Start of Entries shown
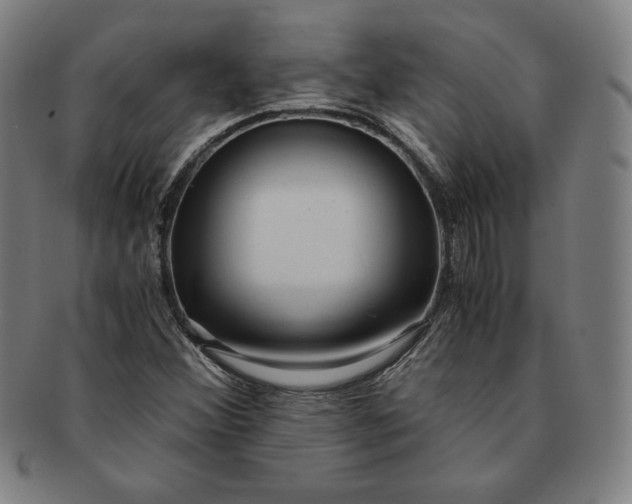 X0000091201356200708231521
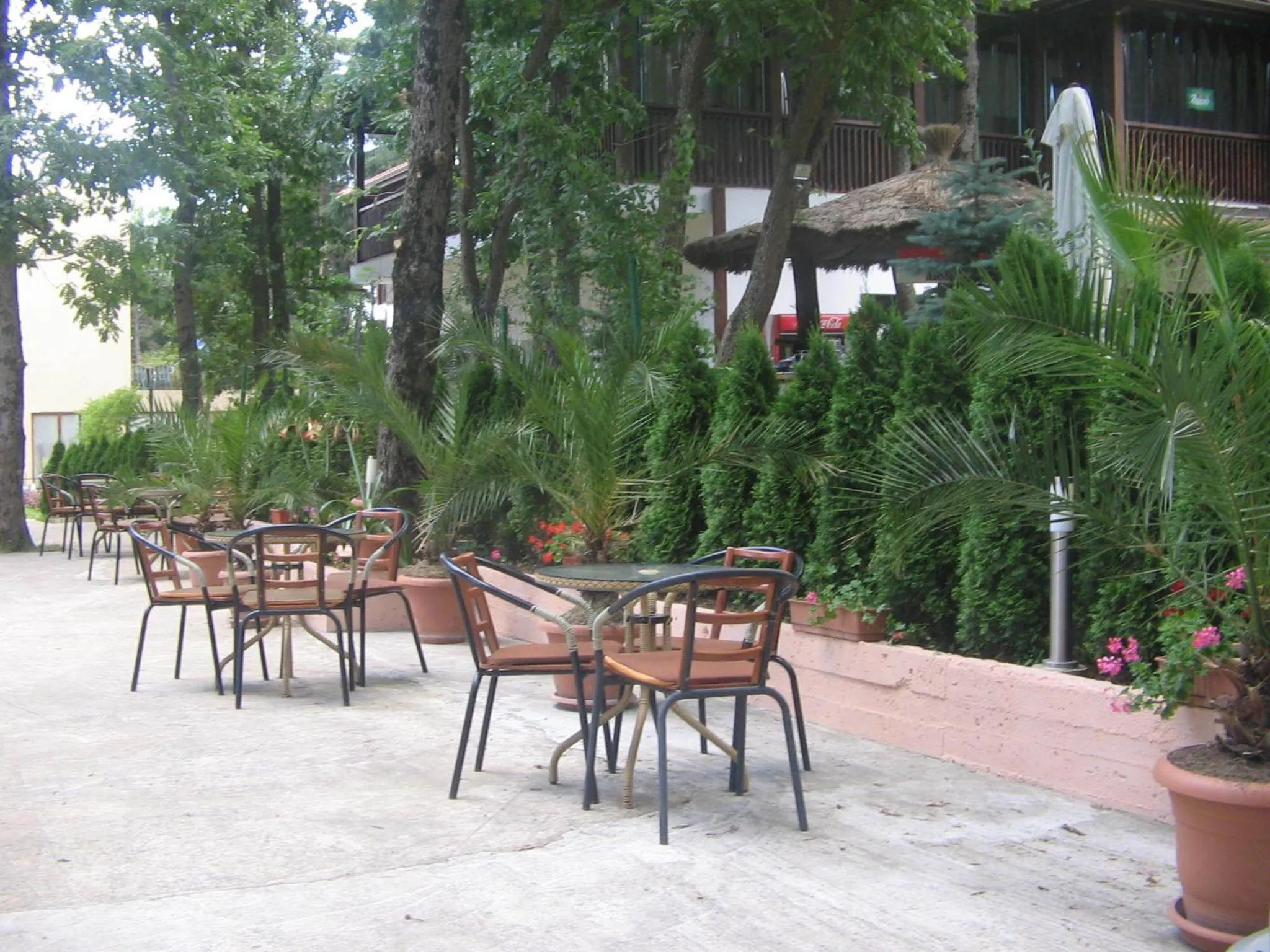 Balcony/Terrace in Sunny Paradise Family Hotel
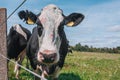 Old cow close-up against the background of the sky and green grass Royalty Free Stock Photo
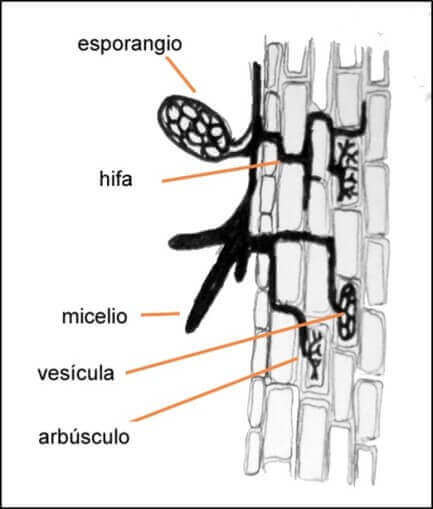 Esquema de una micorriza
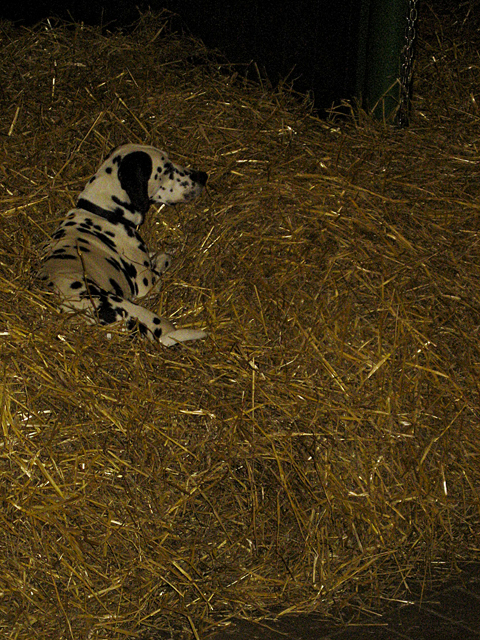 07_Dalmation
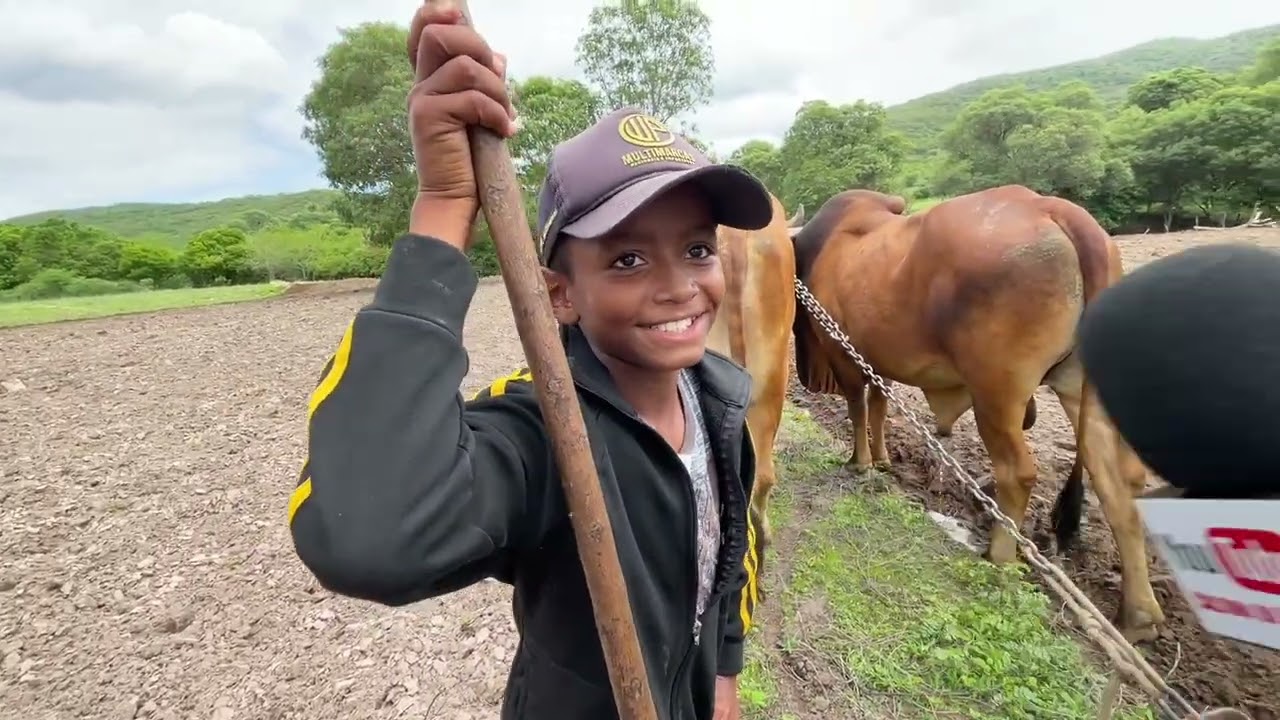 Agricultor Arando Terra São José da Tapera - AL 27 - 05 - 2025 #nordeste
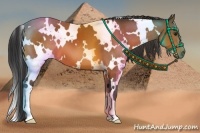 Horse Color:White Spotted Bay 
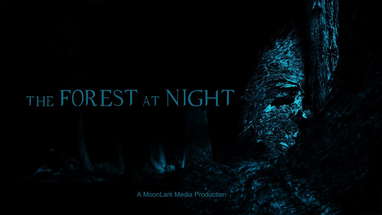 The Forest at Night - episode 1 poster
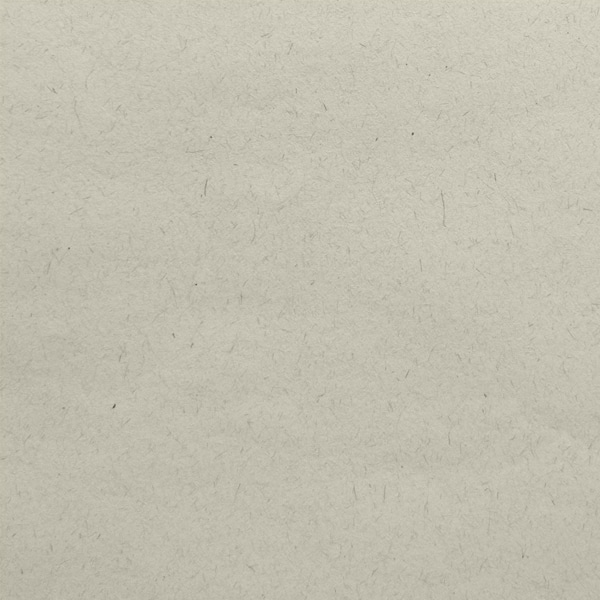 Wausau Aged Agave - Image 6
End of Entries shown
Start of Entries shown
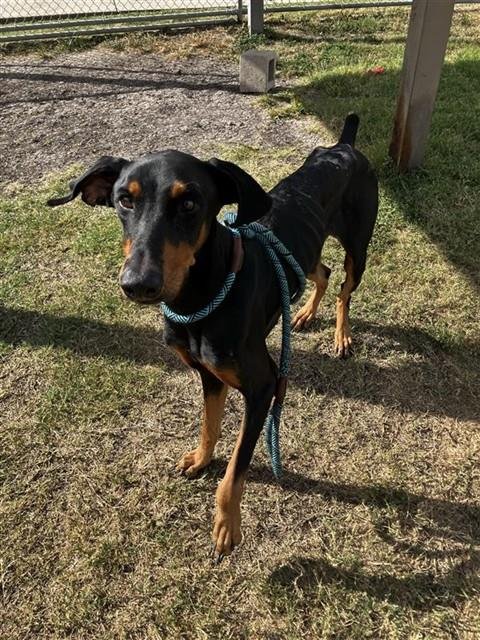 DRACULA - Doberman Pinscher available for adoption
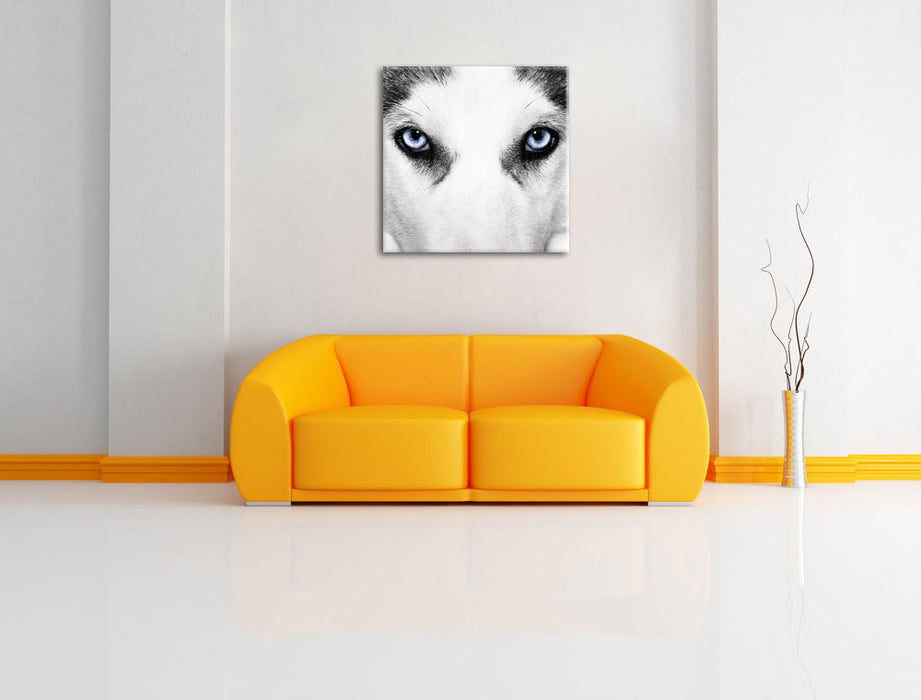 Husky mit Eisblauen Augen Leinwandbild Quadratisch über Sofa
End of Entries shown
→ **Task details**
Find where the line with "Balcony/Terrace in Sunny" sits in the material above and where the line with "Agricultor Arando Terra" sits. Set down exactly the lines from the first to the second, both included and nothing else, without pictures.

→ **Task response**
 Balcony/Terrace in Sunny Paradise Family Hotel
 Old cow close-up against the background of the sky and green grass Royalty Free Stock Photo
 Esquema de una micorriza
 07_Dalmation
 Agricultor Arando Terra São José da Tapera - AL 27 - 05 - 2025 #nordeste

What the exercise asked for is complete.